Go through the records below and report each line with "Sterling" in it.

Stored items
=== Begin Enclosure ===

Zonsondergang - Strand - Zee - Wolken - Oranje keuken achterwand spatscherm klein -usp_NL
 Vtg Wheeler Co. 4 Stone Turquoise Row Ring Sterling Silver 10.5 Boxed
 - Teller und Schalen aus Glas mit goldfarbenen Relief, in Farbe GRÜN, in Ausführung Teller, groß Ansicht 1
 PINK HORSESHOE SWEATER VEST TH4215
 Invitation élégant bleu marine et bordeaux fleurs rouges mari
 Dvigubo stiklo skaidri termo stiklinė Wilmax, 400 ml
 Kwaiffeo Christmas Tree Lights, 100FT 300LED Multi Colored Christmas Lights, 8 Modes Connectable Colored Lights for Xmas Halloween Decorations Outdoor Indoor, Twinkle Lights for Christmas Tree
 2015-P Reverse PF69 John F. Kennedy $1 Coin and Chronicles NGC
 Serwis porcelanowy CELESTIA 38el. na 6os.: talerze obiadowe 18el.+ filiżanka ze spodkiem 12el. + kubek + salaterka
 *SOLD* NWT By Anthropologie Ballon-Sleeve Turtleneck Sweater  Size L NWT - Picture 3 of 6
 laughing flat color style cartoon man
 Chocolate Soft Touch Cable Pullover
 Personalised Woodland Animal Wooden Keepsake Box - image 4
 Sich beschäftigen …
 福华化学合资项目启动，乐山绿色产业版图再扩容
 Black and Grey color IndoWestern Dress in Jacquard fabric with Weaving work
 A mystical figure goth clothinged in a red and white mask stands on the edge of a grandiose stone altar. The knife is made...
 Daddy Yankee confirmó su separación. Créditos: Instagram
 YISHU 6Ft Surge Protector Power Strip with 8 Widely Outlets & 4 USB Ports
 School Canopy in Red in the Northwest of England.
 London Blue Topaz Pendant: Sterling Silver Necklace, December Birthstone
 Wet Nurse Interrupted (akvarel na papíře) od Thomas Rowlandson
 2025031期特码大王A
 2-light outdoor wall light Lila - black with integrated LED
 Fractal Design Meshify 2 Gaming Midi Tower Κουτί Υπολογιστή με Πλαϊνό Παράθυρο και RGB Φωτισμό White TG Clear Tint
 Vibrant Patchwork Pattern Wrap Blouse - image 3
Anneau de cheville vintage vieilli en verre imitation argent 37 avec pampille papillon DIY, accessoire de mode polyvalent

=== End Enclosure ===

Completed task:
 Vtg Wheeler Co. 4 Stone Turquoise Row Ring Sterling Silver 10.5 Boxed
 London Blue Topaz Pendant: Sterling Silver Necklace, December Birthstone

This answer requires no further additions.